TAIPEI, Taiwan - Four people sustained non-life-threatening injuries as of press time as Typhoon Chan-hom passed Northern Taiwan without causing major damage yesterday.
Three were injured when strong gusts toppled a tree in downtown Taipei. The tree hit a 43-year-old woman while a 55-year-old woman and a 62-year-old man suffered from bee stings when a bee hive fell along with the tree.
Another tree was upended in New Taipei City, hitting a 65-year-old man. All four are in stable condition.
A 51-year-old woman was slightly hurt when a boulder fell and hit her car in the mountainous region of Jianshi Township in Hsinchu County. The government has yet to list the injury as typhoon-related.
The outer rim of the storm briefly touched Bitou Cape in Northern Taiwan around 5pm, the Central Weather Bureau (CWB) said. As of 5pm, the centre of the typhoon was 330 kilometers northeast of Taipei, moving at a speed of 16 kilometers per hour in a northwesterly direction.
The CWB said that since had Chan-hom veered north from the projected route its impact on Taiwan would be less than expected.
The CWB said it is likely to remove land warnings as soon as midnight today. The weather agency, however, warned people living in mountainous regions north of Taichung to be prepared for torrential rainfall.
The bureau also urged the public to refrain from storm wave watching or engaging in seaside activities. Local media outlets' video footage showed tourists almost swept out to sea by strong waves.
The storm posed a challenge for typhoon strength assessment for local government chiefs in Northern Taiwan, who had to decide whether to suspend work and school.
Taipei City, New Taipei City, Keelung City, Taoyuan City and Lianchiang County announced work and school suspensions yesterday due to the storm.
Yilan County Magistrate Lin Tsung-hsien was widely criticised by netizens early yesterday for going against the grain by not calling for a suspension.
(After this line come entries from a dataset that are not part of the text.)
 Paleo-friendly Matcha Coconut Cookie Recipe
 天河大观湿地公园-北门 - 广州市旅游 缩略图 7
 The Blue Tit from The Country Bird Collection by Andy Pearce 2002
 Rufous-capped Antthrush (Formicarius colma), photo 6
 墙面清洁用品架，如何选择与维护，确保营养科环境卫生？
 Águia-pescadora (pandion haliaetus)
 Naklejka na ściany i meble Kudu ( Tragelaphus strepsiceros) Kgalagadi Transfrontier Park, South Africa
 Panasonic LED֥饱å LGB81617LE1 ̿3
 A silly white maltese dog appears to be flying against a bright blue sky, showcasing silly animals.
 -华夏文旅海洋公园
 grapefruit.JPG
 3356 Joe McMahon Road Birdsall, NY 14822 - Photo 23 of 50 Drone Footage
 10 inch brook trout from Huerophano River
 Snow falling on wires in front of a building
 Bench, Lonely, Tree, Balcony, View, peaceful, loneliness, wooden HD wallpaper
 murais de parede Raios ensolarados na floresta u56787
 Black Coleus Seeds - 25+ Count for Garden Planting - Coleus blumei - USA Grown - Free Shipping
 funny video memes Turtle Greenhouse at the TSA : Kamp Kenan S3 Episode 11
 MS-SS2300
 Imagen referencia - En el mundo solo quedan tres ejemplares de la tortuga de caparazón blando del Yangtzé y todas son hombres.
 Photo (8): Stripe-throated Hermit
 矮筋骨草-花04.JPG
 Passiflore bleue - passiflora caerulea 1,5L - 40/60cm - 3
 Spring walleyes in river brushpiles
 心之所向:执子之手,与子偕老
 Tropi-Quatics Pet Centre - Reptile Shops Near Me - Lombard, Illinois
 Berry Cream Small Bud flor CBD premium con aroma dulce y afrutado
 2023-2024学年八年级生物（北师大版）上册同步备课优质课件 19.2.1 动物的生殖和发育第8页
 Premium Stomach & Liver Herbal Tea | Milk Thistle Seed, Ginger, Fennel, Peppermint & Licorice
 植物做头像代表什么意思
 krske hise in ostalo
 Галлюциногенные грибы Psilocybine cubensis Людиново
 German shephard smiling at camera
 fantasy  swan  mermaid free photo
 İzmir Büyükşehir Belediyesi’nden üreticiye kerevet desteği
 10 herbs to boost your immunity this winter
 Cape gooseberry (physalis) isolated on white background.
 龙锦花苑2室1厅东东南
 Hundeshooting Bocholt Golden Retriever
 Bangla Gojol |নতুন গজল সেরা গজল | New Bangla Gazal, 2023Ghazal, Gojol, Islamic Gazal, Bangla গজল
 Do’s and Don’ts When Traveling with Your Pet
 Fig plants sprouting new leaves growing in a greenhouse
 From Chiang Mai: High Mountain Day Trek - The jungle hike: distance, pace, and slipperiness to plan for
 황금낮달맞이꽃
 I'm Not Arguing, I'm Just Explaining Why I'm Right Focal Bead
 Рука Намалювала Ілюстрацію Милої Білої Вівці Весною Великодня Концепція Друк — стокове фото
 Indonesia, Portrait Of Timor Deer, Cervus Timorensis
Criticism turned to praise, however, as the relatively low wind speed and rainfall in the county vindicated his decision.
The majority of county heads who had called a typhoon holiday, on the other hand, were left to explain their decisions.
Taipei Mayor Ko Wen-je admitted yesterday that he felt "kind of spooky" when making the decision, worrying that "the day might turn out to be nice and sunny."
The mayor said he chose to believe professional judgment of meteorologists. New Taipei Mayor Eric Chu also stressed that his call was based on professional meteorology information.